:: TASK REQUIREMENTS ::
The whole listing below needs to be duplicated exactly, pictures aside.

----------------

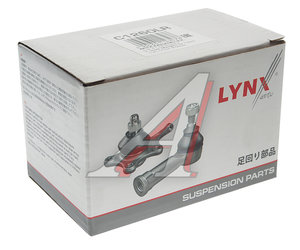 Изображение 3, C1260LR Опора шаровая MAZDA CX-7 (07-) левая/правая LYNX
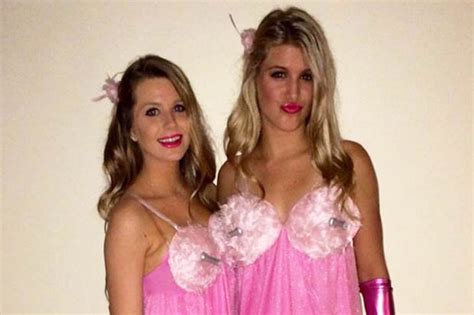 Canadian Grand Slam Finalist Euginie Bouchard Poses With Twin And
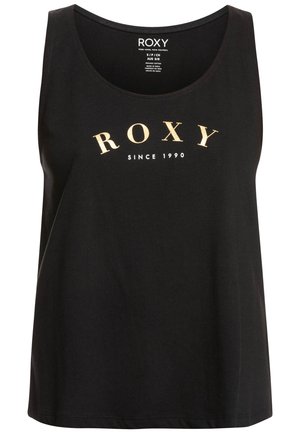 CLOSING PARTY - Top - anthracite
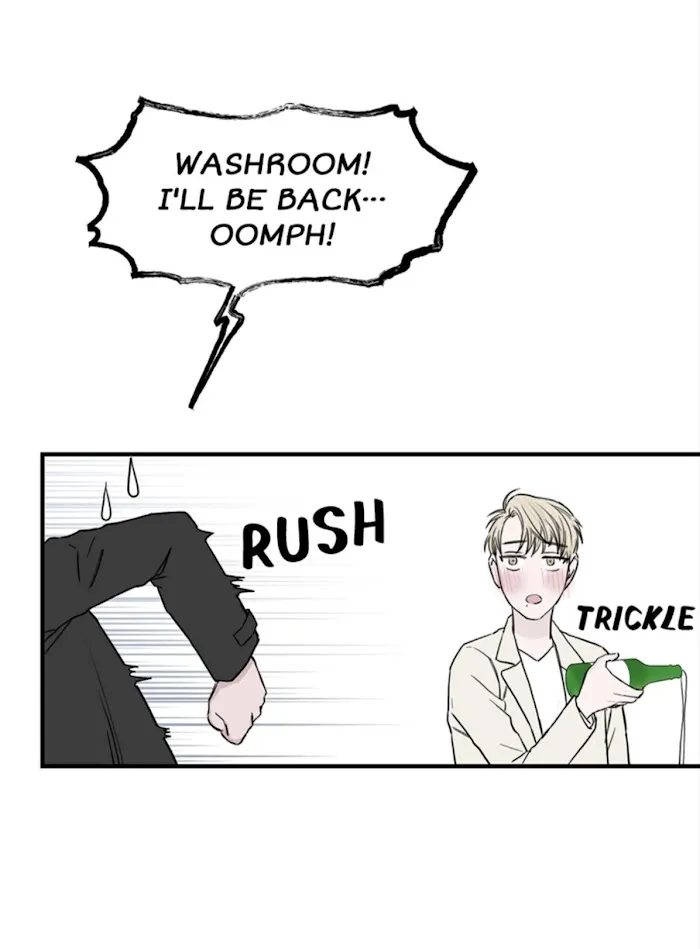 Why Won’t You Do It With Me - Chapter 9 Page 20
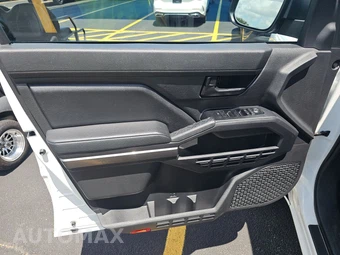 2024 Toyota Tacoma SR5 Crew Cab Medium Bed - miniatura 9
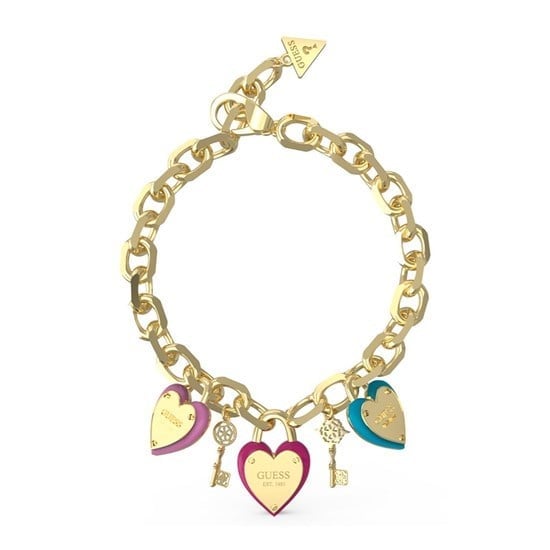 GUESS JGUJUBB04202JWYGMCS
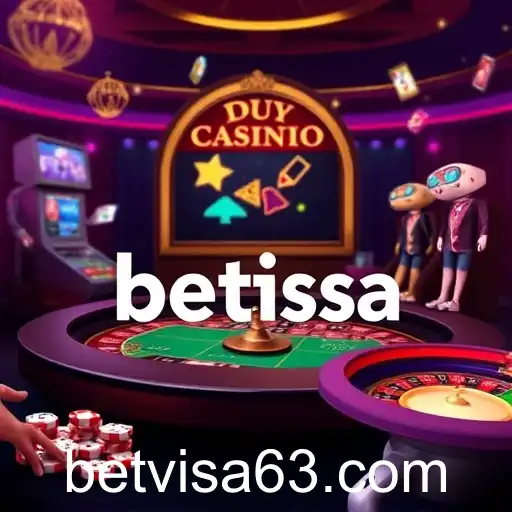 The Rise of Online Gaming and Betvisa's Emerging Role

----------------

:: TASK ANSWER ::
 Изображение 3, C1260LR Опора шаровая MAZDA CX-7 (07-) левая/правая LYNX
 Canadian Grand Slam Finalist Euginie Bouchard Poses With Twin And
 CLOSING PARTY - Top - anthracite
 Why Won’t You Do It With Me - Chapter 9 Page 20
 2024 Toyota Tacoma SR5 Crew Cab Medium Bed - miniatura 9
 GUESS JGUJUBB04202JWYGMCS
 The Rise of Online Gaming and Betvisa's Emerging Role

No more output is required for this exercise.